Important Factors in a Business Plan

The essence of business plans is achieving results and business improvement. The two aspects fairly comprise in other initiative intended to make the plan a success. This in turn is defined by two important factors namely, business implementation details and the evaluation of business cash flow. Cash flow analysis is many a time confused with profits. Kyle and Chad should not fall into this trap because it is the main reason why many businesses especially start ups collapse within the first year. Cash flow is the cumulative amount of funds/money getting into the business/ revenues and getting out of the business/expenses (Pinson & Jinnett, 2006). These two aspects must balance out and for a good cash flow history. The cash expenses must not exceed the cash revenues at any time in a period of interest, which would imply that if more revenue is realized, the company’s liquidity is good and can positively attract the attention of the lenders/ banks. In simpler terms, the banks are guaranteed that the business can comfortably meet the monthly payments for a loan based on the excellent liquidity position of the company.

Implementation details are about commitment to a business vision and responsibilities. A business has to have evidence of what makes it possible to achieve the level of liquidity and to support the cash flow analysis (Pinson & Jinnett, 2006). It would be difficult to acquire funds from a bank when the activity levels and control measures put in place do not tally with the cash flow analysis presented. The lender/bank has to be convinced that the financial position reflected is purely from the business and any other external sources of funds must be accounted for by the business. Strategies and documentation must be well dated and linked to quantifiable budgets that are easily verified. A clear record of responsibility follow up and excellent tracking of presented results must be in existence.

Outline of Elements in Business Plan

  1. Executive Summary

a)Company Objectives

b) Mission & Vision Statement

c) Factors of Success

  1. This should be written last

a)Company Ownership: Organization structure, Management team & Personnel Plan

b)Company History

c)Company Location & Facilities/ Resources

  1. Products & Services

a)Exact operations and products/services

b)Sources and technology in production

c)Future endeavors in production

  1. Market Analysis

a)Market segmentation and strategies

b)Market Needs, Trends, and Growth

c)Industry participants and distribution patterns

d)Competition Analysis in current market

  1. Strategy and Implementation

a)Competitive edge and value proposition

b)Market strategy: Positioning, pricing, and promotion

c)Sales strategy: Forecast and programs

d)Milestone and possible alliances

  1. Financial Planning

a)Assumptions made

b)Financial Analysis

  1. i.      Break even-analysis
  2. ii.      Projected Profit and loss
  3. iii.      Projected Cash flow
  4. iv.      Balance Sheet

c)      Short and Long Term Plans. 

The requirements of bankers and other lenders

The most important aspect to the selected group of stakeholders is authenticity of presented information in the business plan with regards to what is seen on the ground. Consistency in business operations and the commitment level of the existing resources tell a lot about responsibility (Bird, 2010). The stakeholders want to see a guarantee of a positive return on their investment share within the shortest time possible.

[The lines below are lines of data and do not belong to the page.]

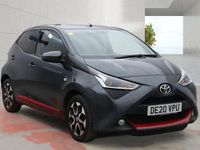 Usado Toyota Aygo Trend 71 HP (52 kW) 2020 Cinzento Citadino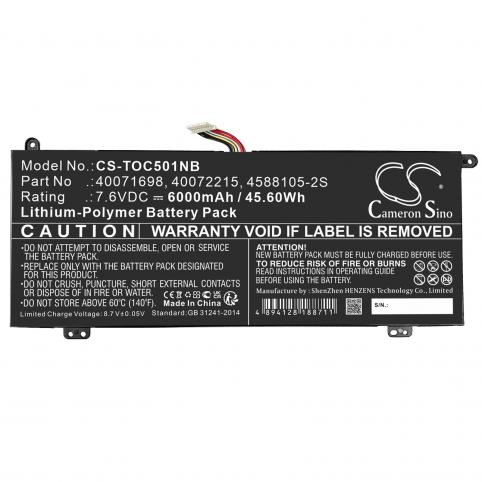 Batterie pc portable toshiba satellite pro c50 g 10k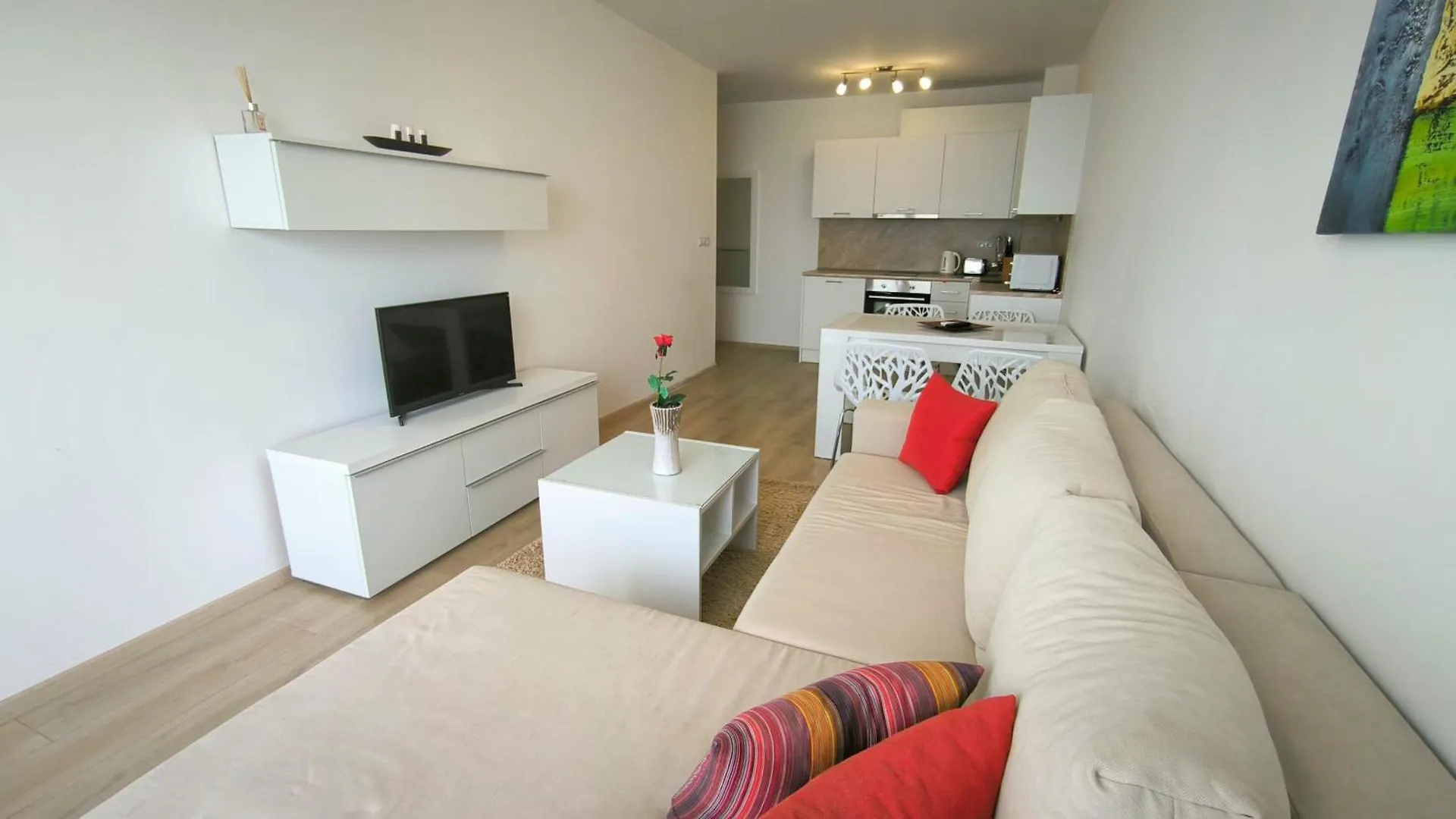 Kabakum Sea View Apartman Várna 0*,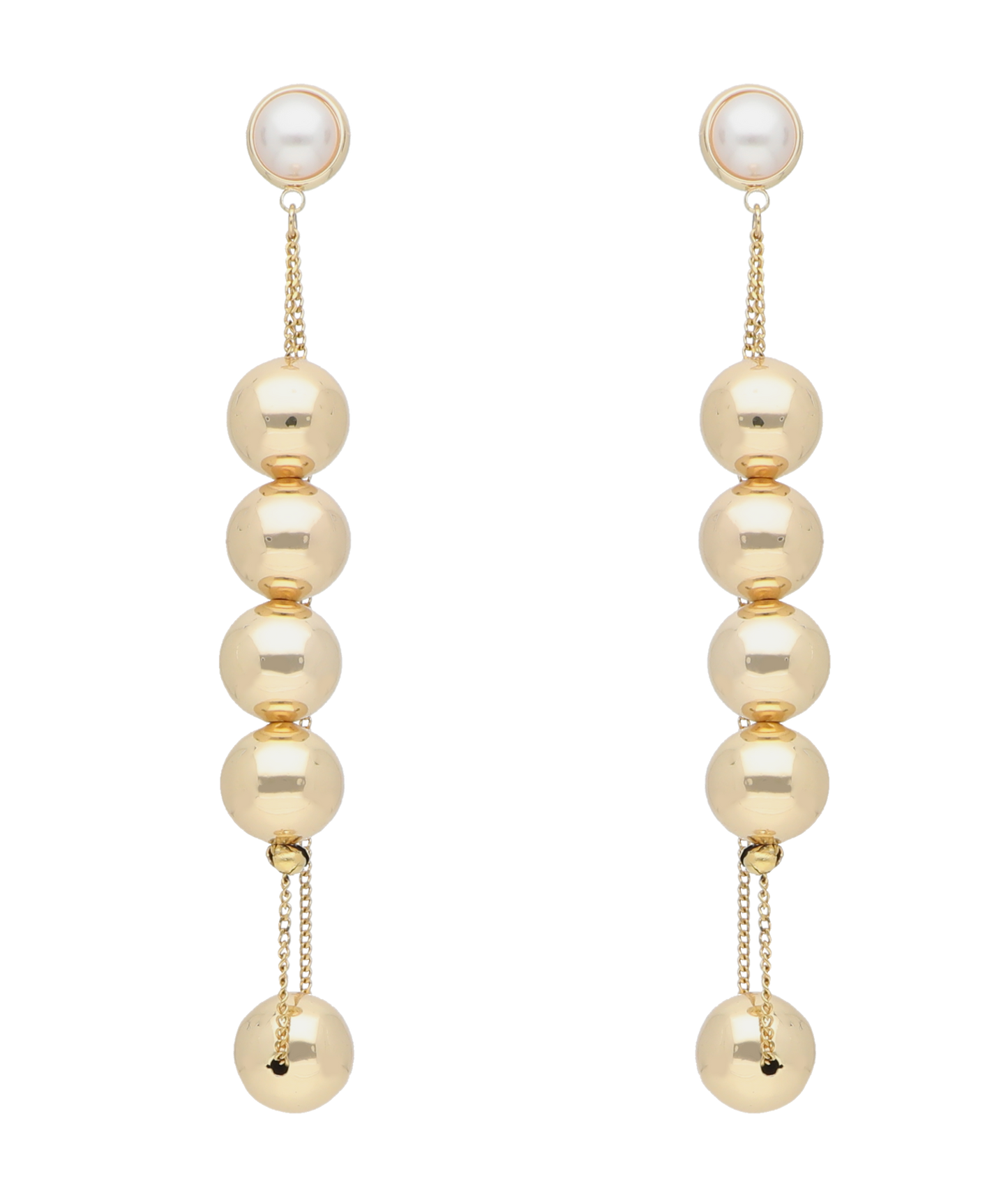 Gold earring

Advice to the Business Owners Chad and Kyle

The business plan is meant to access credit and should fairly reflect the state of affairs. However, the lenders have experience in the lending business based on their own evaluation (Balanko-Dickson, 2007). The banksor any other lending institution is interested in the cash flow rather than the business profits, thus an imperative need for the Chad and Kyle is to understand what the cash flow is and have one ready. Should the banker suggest lower credit than expected, they should accept it that rather than come up with unsubstantiated explanations in trying to get their preferred credit amount. This is risky because it may affect the cash flows and severe any future lending prospects.